We need time to recover from that first course, but the Italian roast turkey is worth any amount of waiting. Its cavity and the skin over its breast stuffed with chopped proscuitto or country ham, thyme, rosemary and garlic, its exterior massaged with olive oil, the turkey undergoes a ritual bath of white wine periodically during its roasting. Its bronzed skin would depress the most ardent user of tanning salons. Last year, my enthusiasm for clay cooking led me to purchase a turkey-sized Romertopf in which to cook my bird. The soaked clay ensures a beautifully moist breast in a fully cooked turkey.
We have eaten many different vegetables over the years with the turkey, but my guests always demand the ugly ducklings: parsnips and Brussels sprouts. Surprised by the wonderful flavor of properly cooked sprouts sauteed in butter with walnuts and by the nutty sweetness of pureed parsnips, we would feel bereft if these favorites did not appear on the table. We never eat them at any other time but expect them during the holidays as a sacred right.
Casual Company
Smoked salmon has characterized our more casual version of Christmas entertaining. I focus on people, not tasks, on Christmas, so I keep it simple. For several years, we have enjoyed a wonderful local product, the salmon smoked at All Seafood in Woodstock, and I bake a dillweed yeast bread to serve with the salmon, lemon slices, sweet onions and pepper. My dear friend Corneilia, who adores smoked fish, approves of this Christmas tradition, and she contributes a yummy kugel, a traditional Jewish sweet noodle pudding. Sometimes, I have offered what I think of as Ugly Cookies for dessert: redolent of spices, molasses, raisins and nuts, they bear the burden of their homeliness with the aid of a generous dollop of brandy in the batter. Corneilia, however, does not like spices, so I end up eating too many of them.
For New Year’s, we used to buy several good cheeses and wines, and then we would nibble like industrious wine-bibbing mice all day. Now, my husband cooks up a large quantity of Hoppin’ John, traditional fare for the New Year because the blackeyed peas symbolize the prosperity that the New Year will bring. This has not proven to be an unfailing incantation, but it is worth trying (or at least eating) in times of financial uncertainty, being as reliable as many other financial tips.

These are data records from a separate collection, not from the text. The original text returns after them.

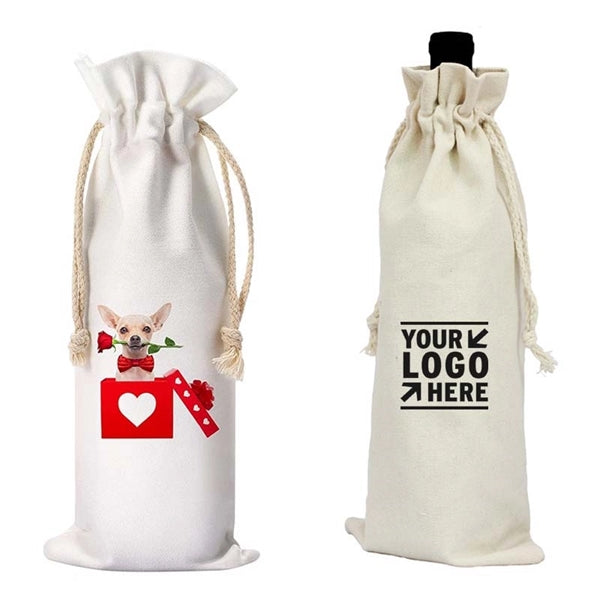 Canvas Wine Bottle Bags Drawstring Tote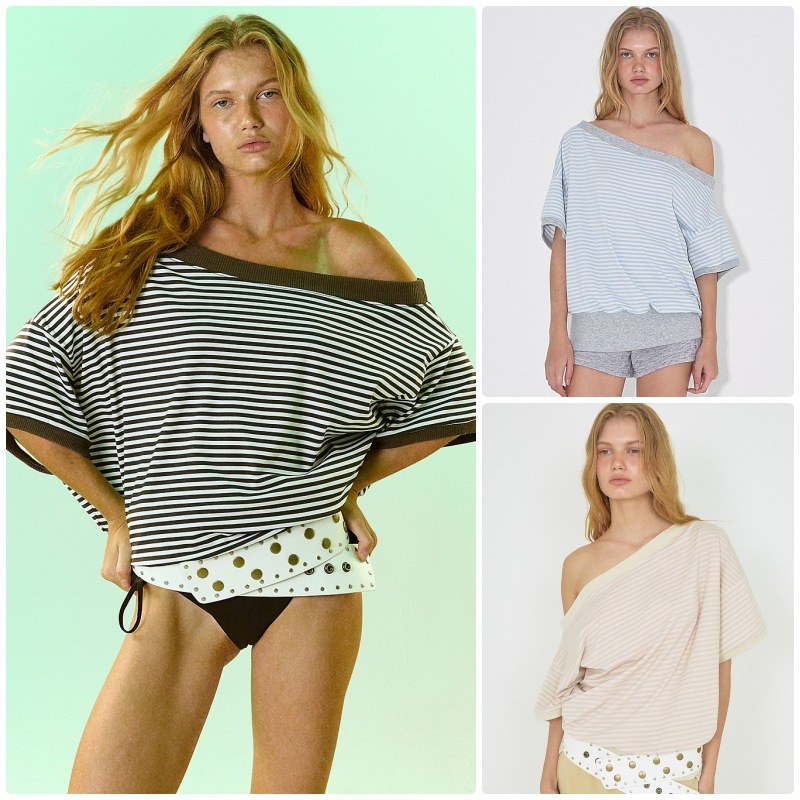 【POLYSOOEM】 STRIPE ONE-SHOULDER TEE : 3COLORS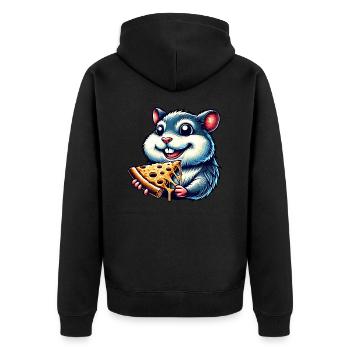 Hamster Meerschweinchen Pizza Fast Food Liebhaber - Unisex Premium Bio Zip Hoodie - Schwarz - Hinten - Nico (187cm)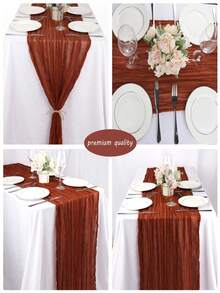 2/5/10pcs Taplak Meja Katun Tebal Warna Burgundy - Gaya Bohemian Vintage Country, Sempurna untuk Pernikahan, Pesta Lajang, dan Pesta Ulang Tahun - Burgundy - View 5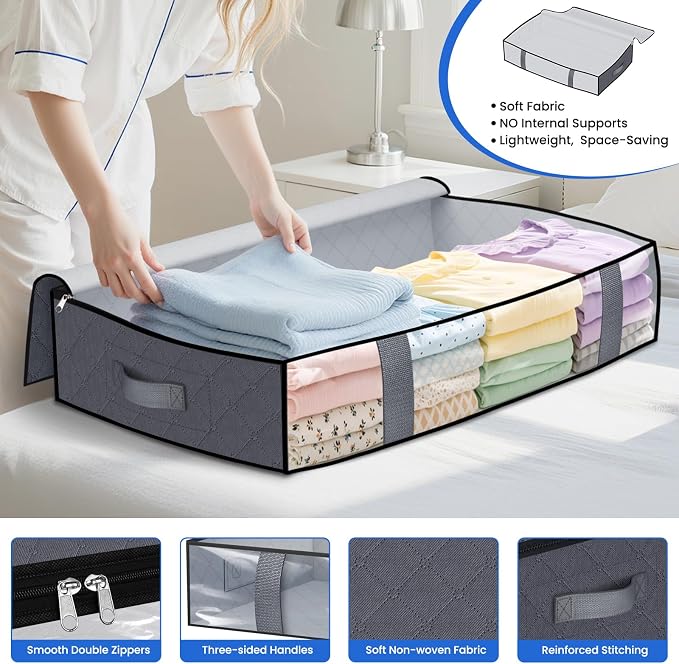 Under Bed Storage Containers, 4 Pack Blanket Storage Bags, Collapsible Storage - Image 3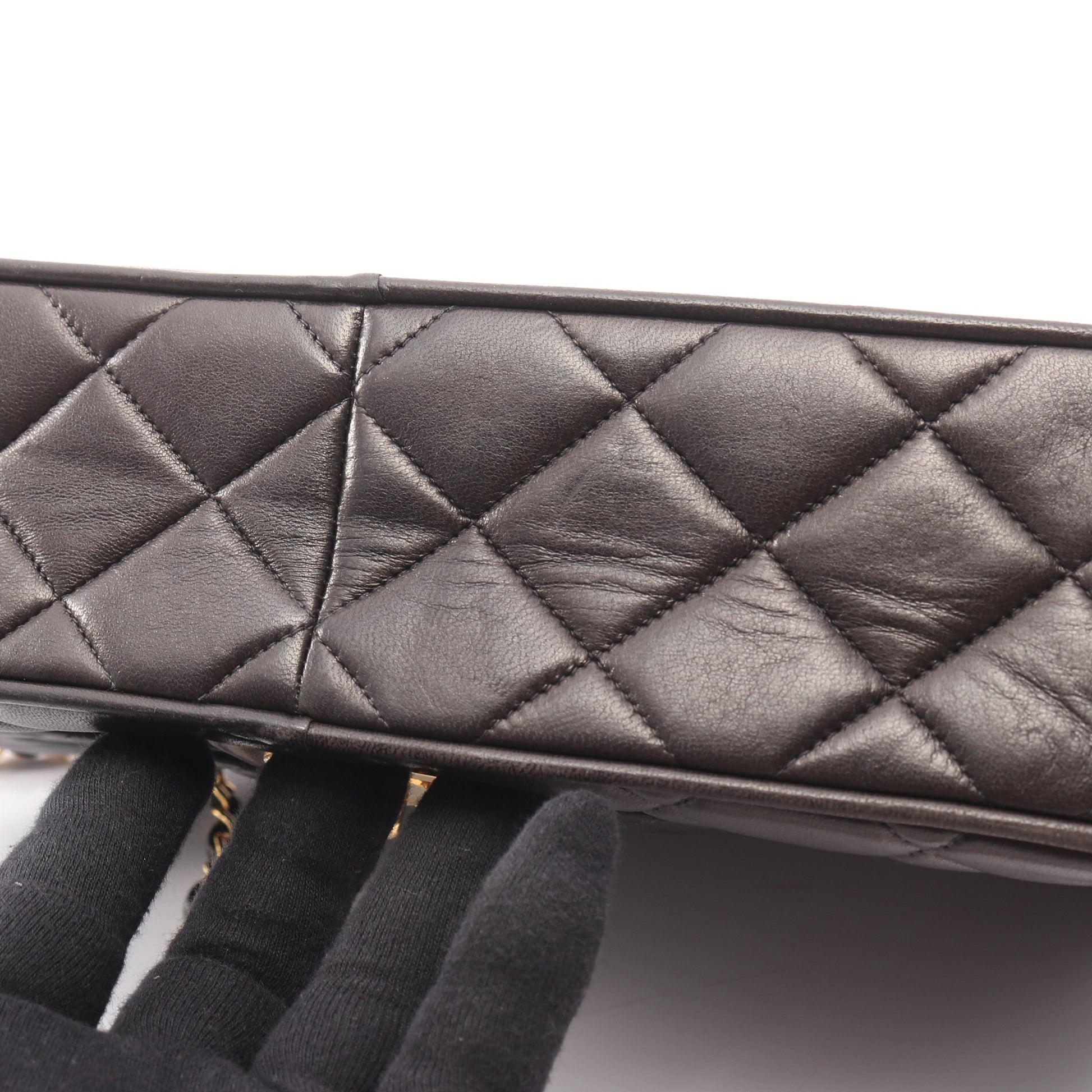 マトラッセ チェーンショルダーバッグ ラムスキン ブラック ゴールド金具 シャネル バッグ CHANEL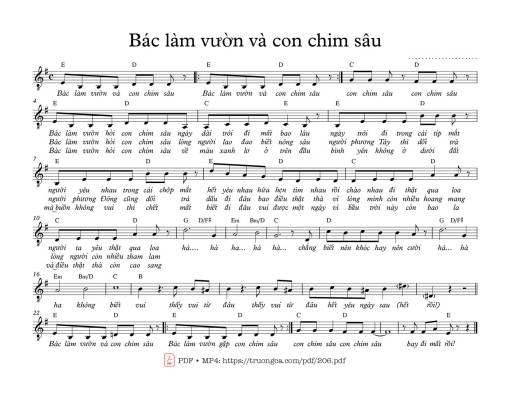 Sheet nhạc PDF bài Bác làm vườn và con chim sâu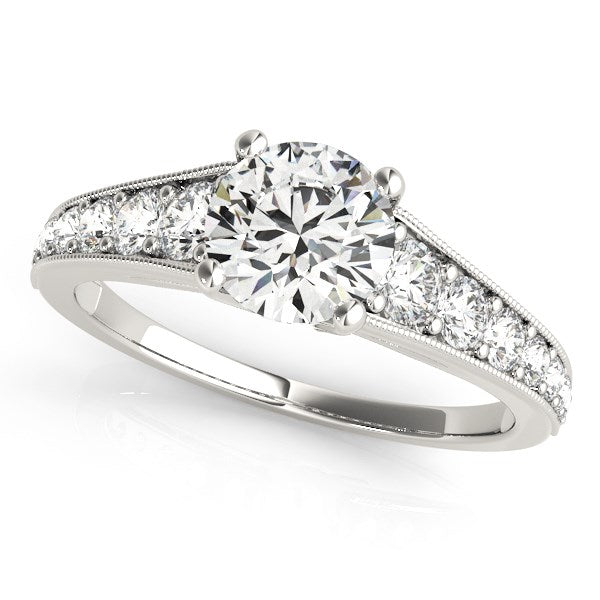 14k White Gold Antique Tapered Shank Diamond Engagement Ring (1 3/8 cttw) - 3 - Jewelry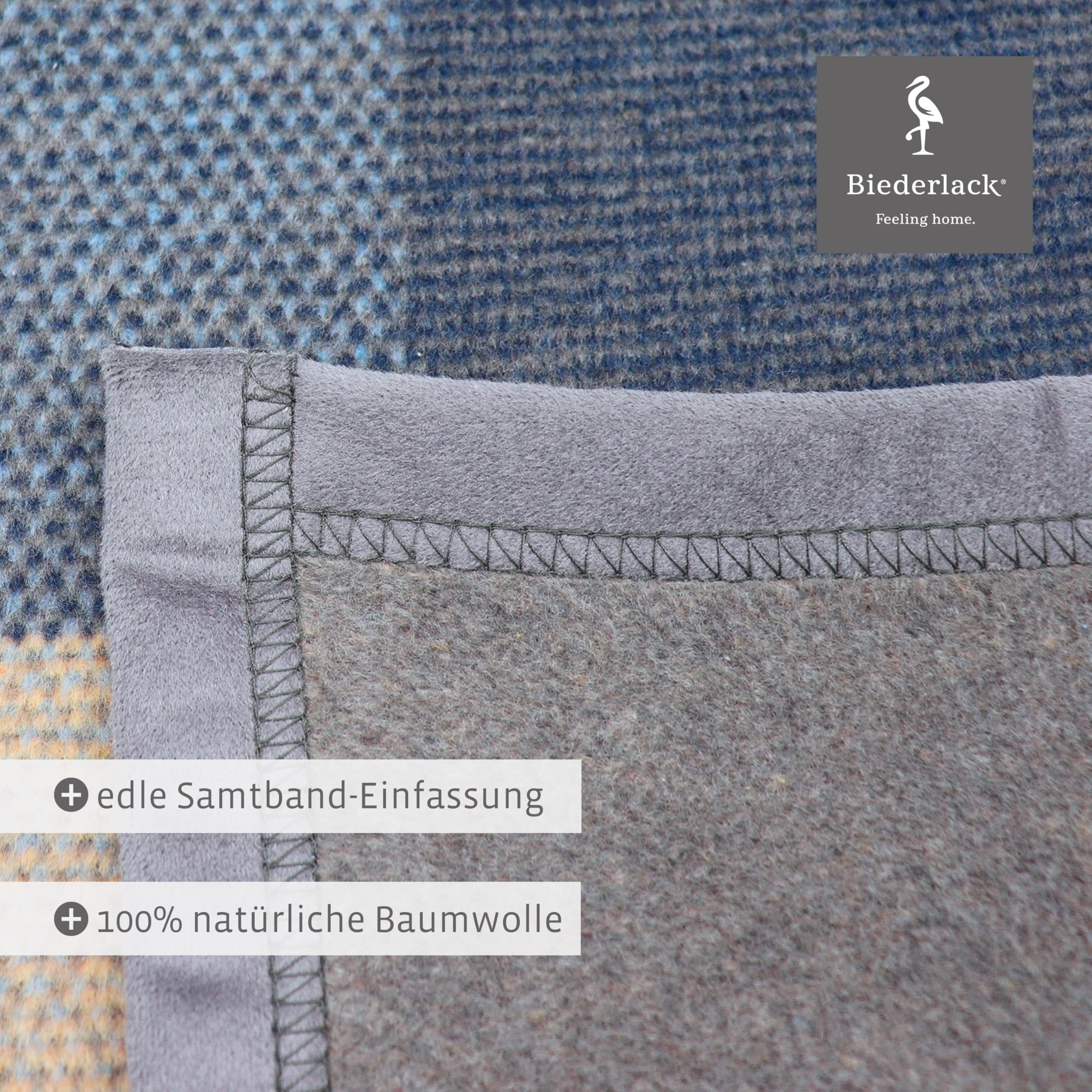 biederlack-pure-cotton-karo-kuscheldecke-blau-150x200-cm image 6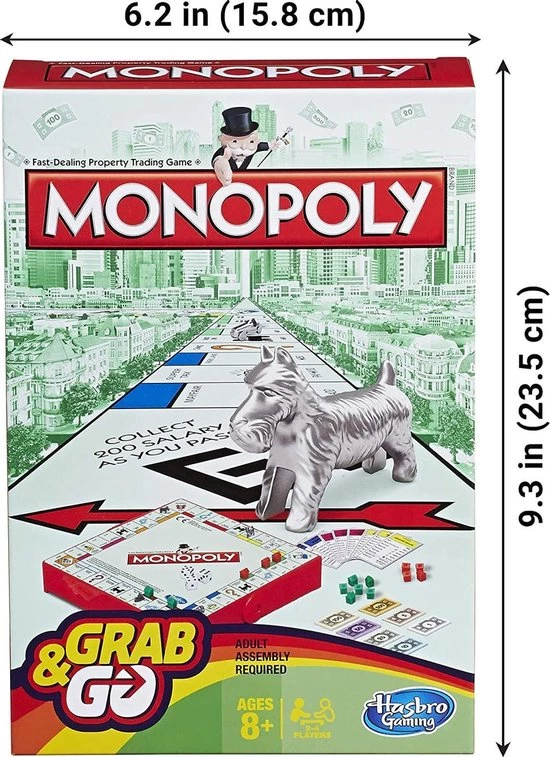 Hasbro Gaming Monopoly Grab & Go - Reiseditie - Bordspel - Engelse Versie 3 Hasbro Gaming Monopoly Grab & Go - Reiseditie - Bordspel - Engelse Versie - Afbeelding 3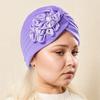 1PC Bandana Cap Fashion Solid Color Retro Elegant Rhinestoned Ethnic Elastic Headwraps Flower Turban Sunscreen Hijab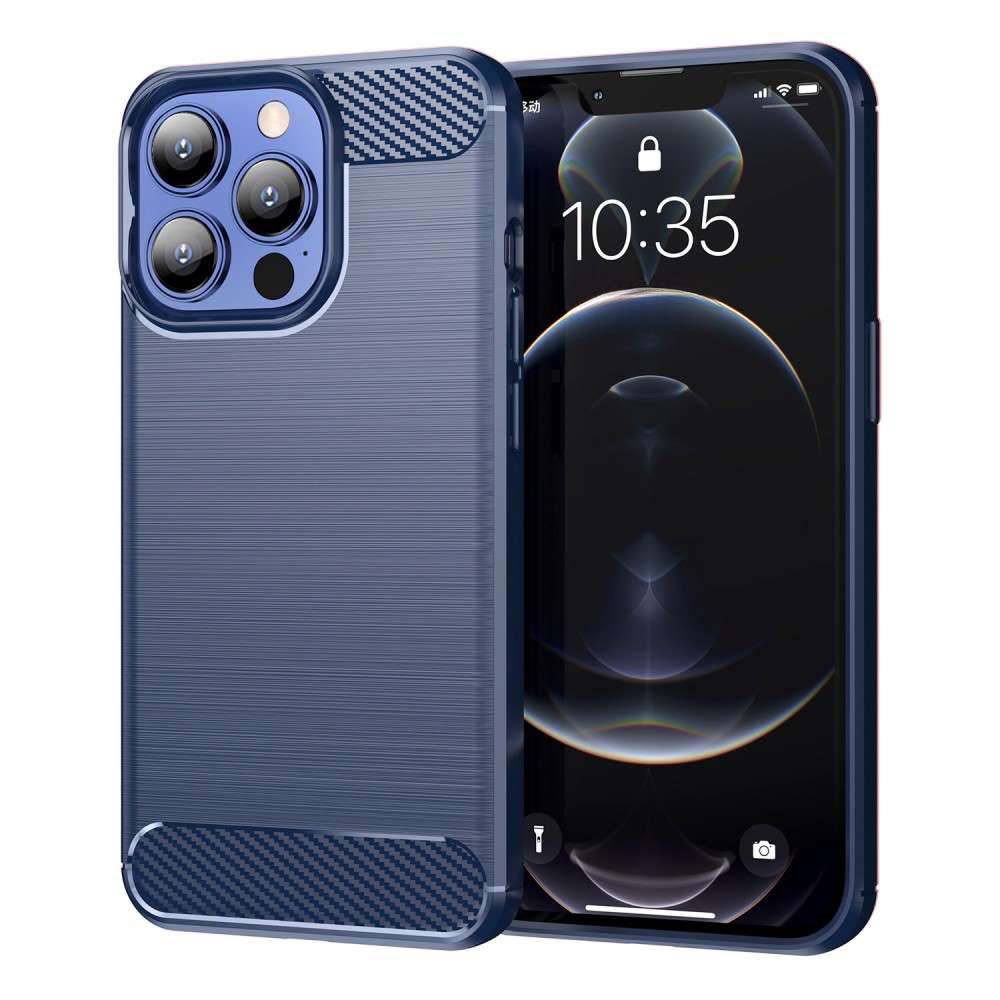 TPU Case für Apple iPhone 13 PRO MAX Carbon Fiber Skin Brushed Soft Schutz Hülle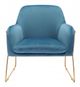 Zuo® Nadir Blue and Gold Arm Chair-1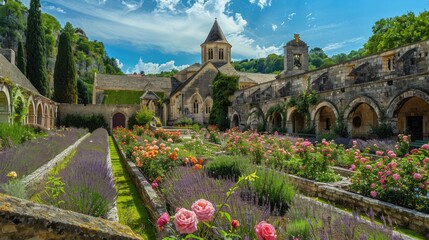 Naklejka premium A medieval monastery with a cloister garden filled with blooming roses and lavender, surrounded by ancient stone walls and tranquil countryside.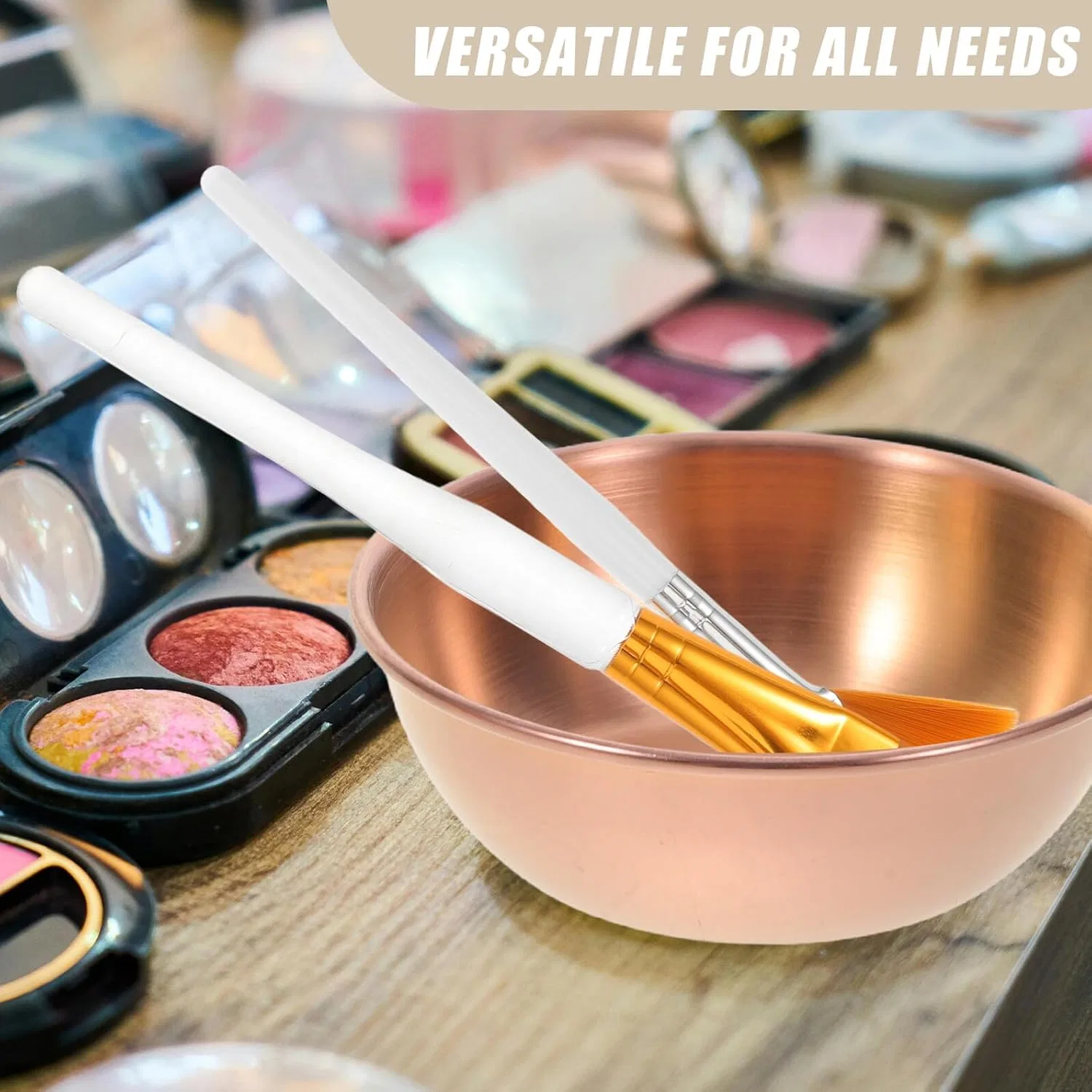 Набор для ухода за кожей лица с головной повязкой и чашей, Generic Beauty, 12 кистей, 6 повязок, 6 чаш, разноцветный — фото 3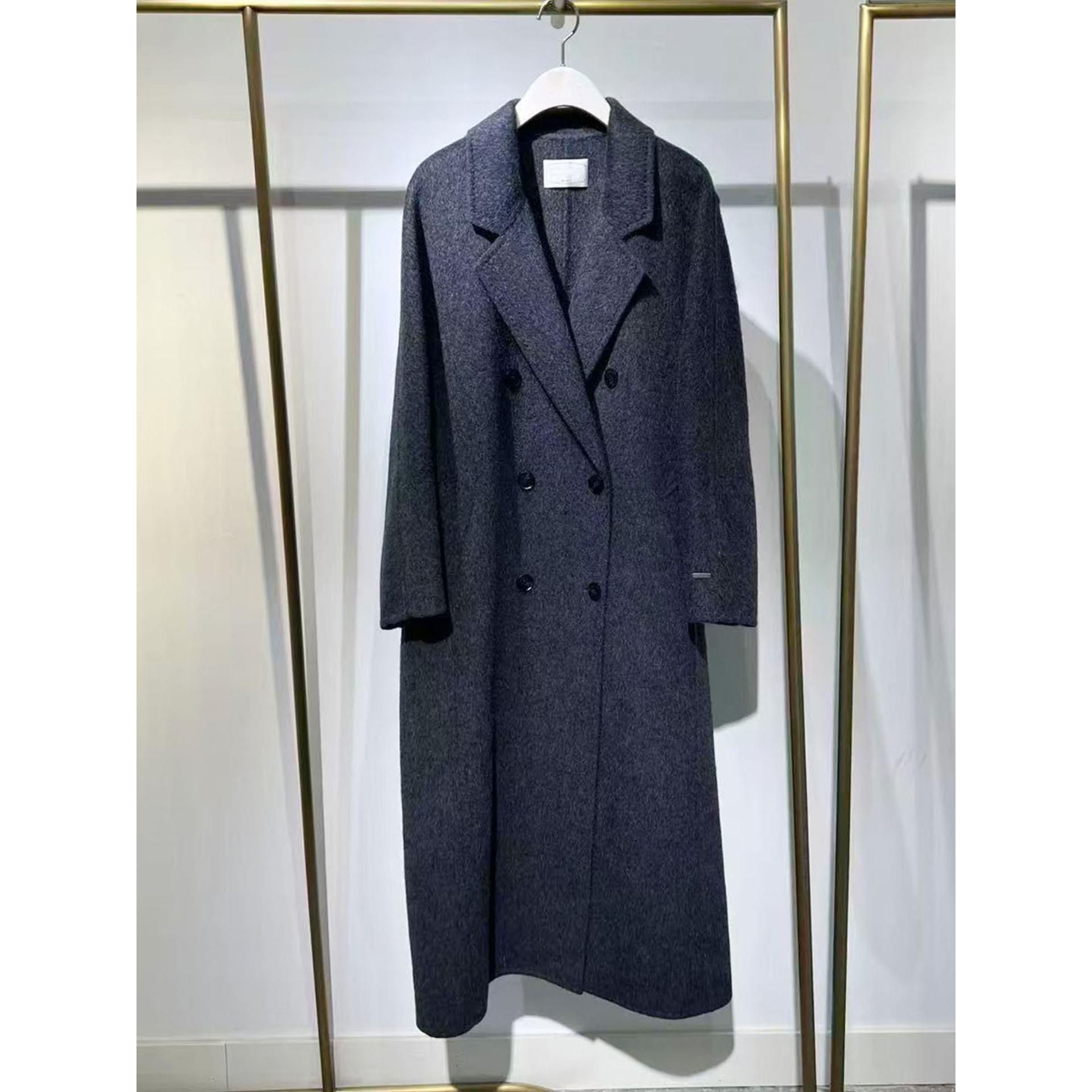 商场同款正品速发2025冬季经典双排扣高级双面呢羊毛大衣女7050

By New Year’s, we have brought out the black fruitcake I baked and embalmed in applejack-soaked cheesecloth and airtight containers a year before. I follow the recipe James Beard had from his English mother. My fruitcake club—at last count, about a dozen people—expects timely delivery of slices, which have inebriated a few devoted eaters. My husband reminds me from time to time that I did not know to shell its hazelnuts when first I made the fruitcake, but I manage to forget this, most of the time.